(Extracted information begins)

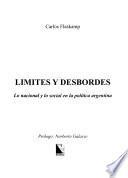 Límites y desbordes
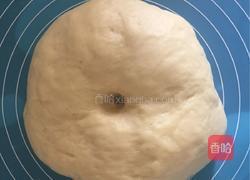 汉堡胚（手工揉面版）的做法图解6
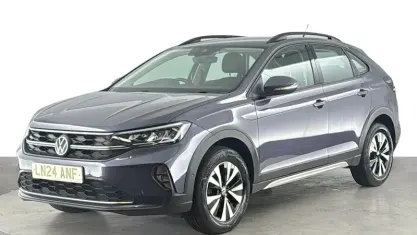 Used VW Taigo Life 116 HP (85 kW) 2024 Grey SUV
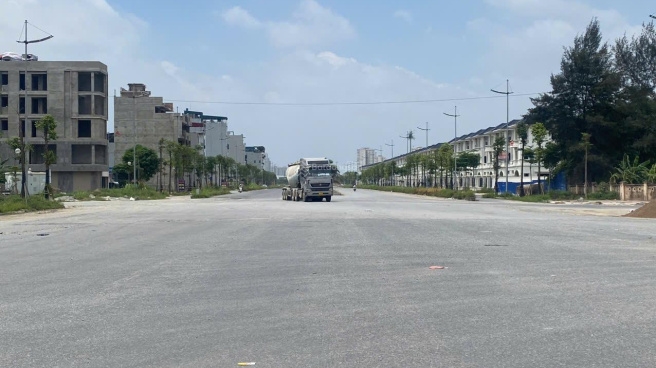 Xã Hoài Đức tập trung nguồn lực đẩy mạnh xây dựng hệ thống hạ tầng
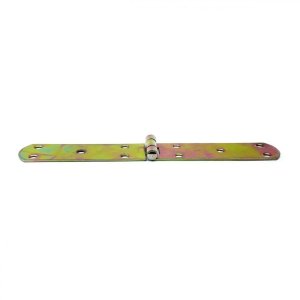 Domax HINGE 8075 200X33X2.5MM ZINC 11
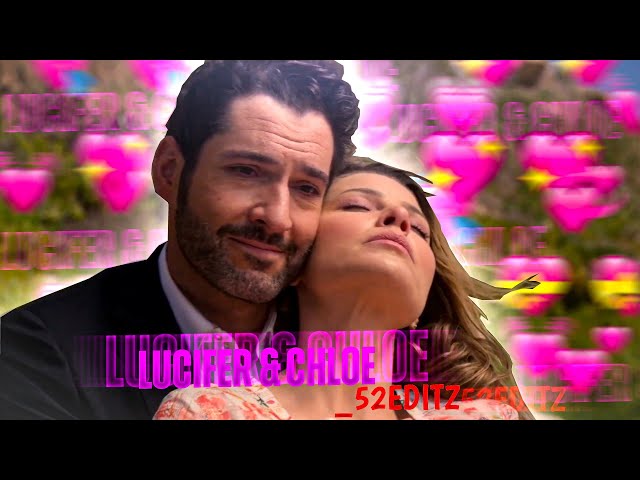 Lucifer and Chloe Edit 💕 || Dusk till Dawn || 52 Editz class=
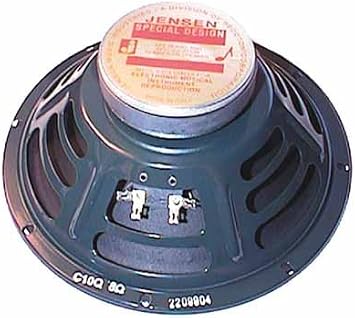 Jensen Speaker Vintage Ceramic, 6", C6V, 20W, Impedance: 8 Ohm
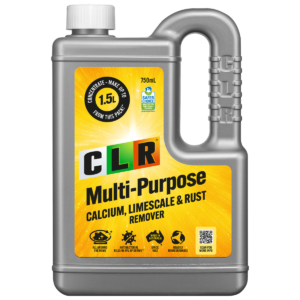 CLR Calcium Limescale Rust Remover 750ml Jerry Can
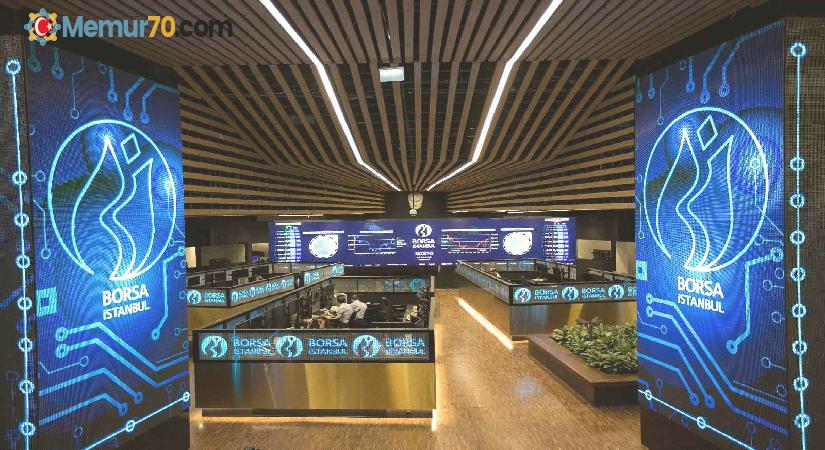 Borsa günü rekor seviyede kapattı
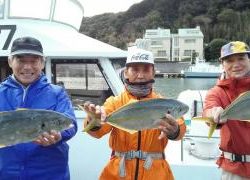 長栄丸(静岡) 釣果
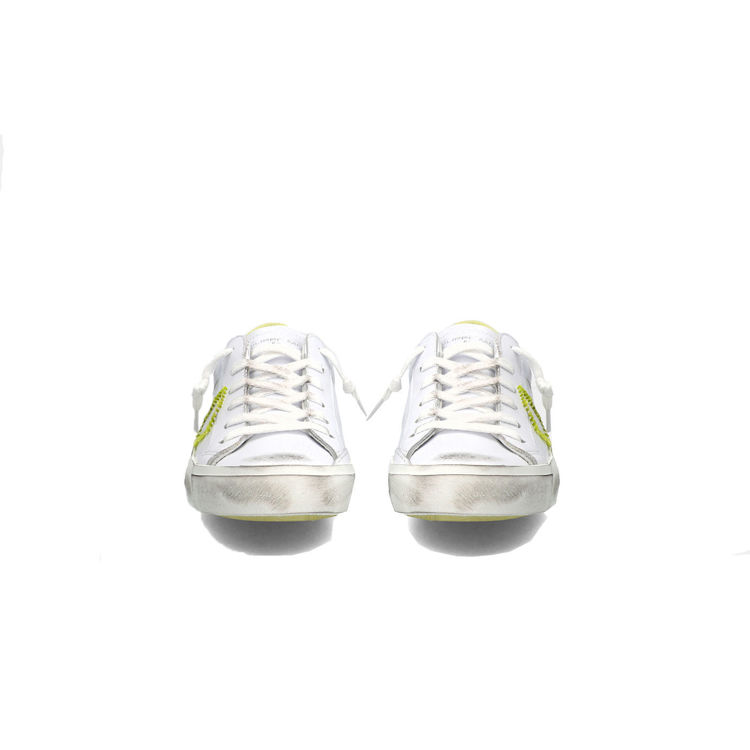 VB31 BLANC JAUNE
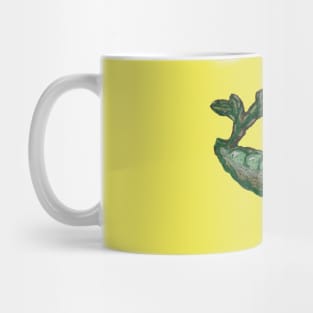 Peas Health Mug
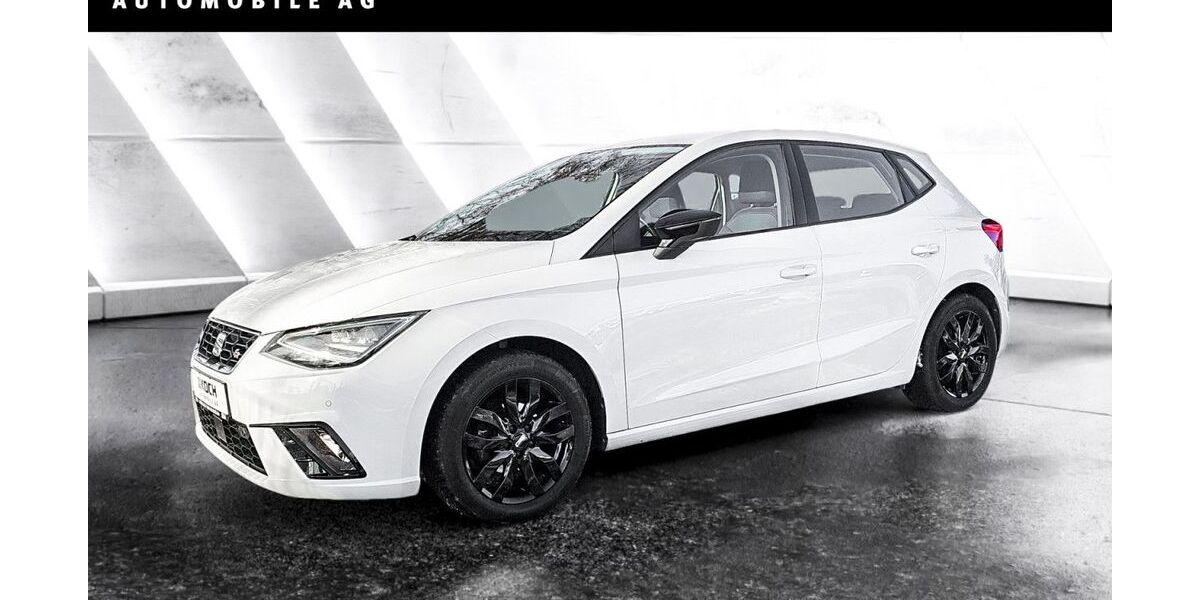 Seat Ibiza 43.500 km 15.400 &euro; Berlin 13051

(Extracted information ends)

Each entry is to be returned as it stands, and each picture is to be left out.

 Límites y desbordes
 汉堡胚（手工揉面版）的做法图解6
 Used VW Taigo Life 116 HP (85 kW) 2024 Grey SUV
 Xã Hoài Đức tập trung nguồn lực đẩy mạnh xây dựng hệ thống hạ tầng
 Domax HINGE 8075 200X33X2.5MM ZINC 11
 Lucifer and Chloe Edit 💕 || Dusk till Dawn || 52 Editz class=
 Jensen Speaker Vintage Ceramic, 6", C6V, 20W, Impedance: 8 Ohm
 CLR Calcium Limescale Rust Remover 750ml Jerry Can
 Borsa günü rekor seviyede kapattı
 長栄丸(静岡) 釣果
 VB31 BLANC JAUNE
 Peas Health Mug
 Seat Ibiza 43.500 km 15.400 &euro; Berlin 13051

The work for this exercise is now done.